**EXERCISE GOAL:** In the data below, find the line with "Address Not Shown New Port Richey, FL 34654" and the line with "Eizo FlexScan EV2436W", then restate both and every line between them exactly, minus the pictures.
Start of EXTRACTED INFORMATION
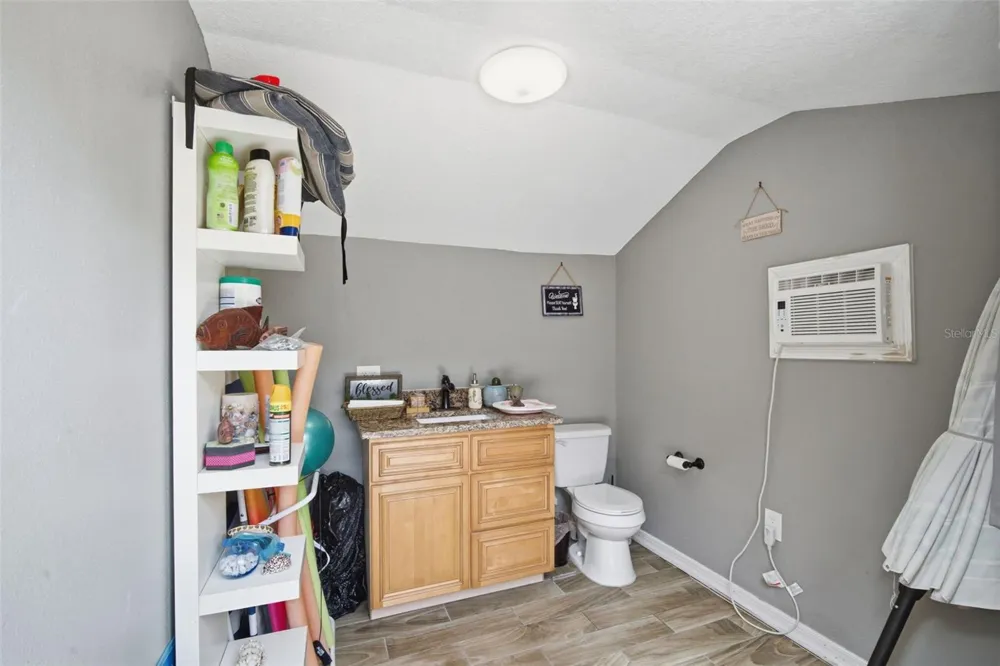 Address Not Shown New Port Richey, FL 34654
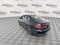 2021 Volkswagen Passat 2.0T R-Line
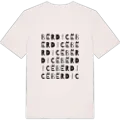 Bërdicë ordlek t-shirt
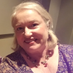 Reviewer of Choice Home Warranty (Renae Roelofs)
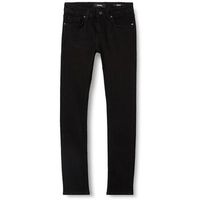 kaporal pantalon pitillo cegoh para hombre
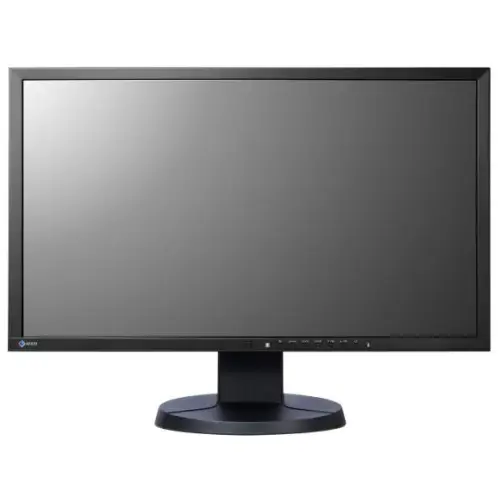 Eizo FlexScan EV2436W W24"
End of EXTRACTED INFORMATION
Start of EXTRACTED INFORMATION
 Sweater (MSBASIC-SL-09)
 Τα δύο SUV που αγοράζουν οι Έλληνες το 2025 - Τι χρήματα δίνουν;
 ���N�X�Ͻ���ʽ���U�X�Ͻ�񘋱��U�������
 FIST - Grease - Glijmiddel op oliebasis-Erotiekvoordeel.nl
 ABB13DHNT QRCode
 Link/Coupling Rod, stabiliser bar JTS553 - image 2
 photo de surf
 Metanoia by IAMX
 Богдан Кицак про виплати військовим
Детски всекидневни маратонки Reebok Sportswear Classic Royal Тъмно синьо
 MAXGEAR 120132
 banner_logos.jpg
End of EXTRACTED INFORMATION
**ANSWER TO THE EXERCISE:**
 Address Not Shown New Port Richey, FL 34654
 2021 Volkswagen Passat 2.0T R-Line
 Bërdicë ordlek t-shirt
 Reviewer of Choice Home Warranty (Renae Roelofs)
 kaporal pantalon pitillo cegoh para hombre
 Eizo FlexScan EV2436W W24"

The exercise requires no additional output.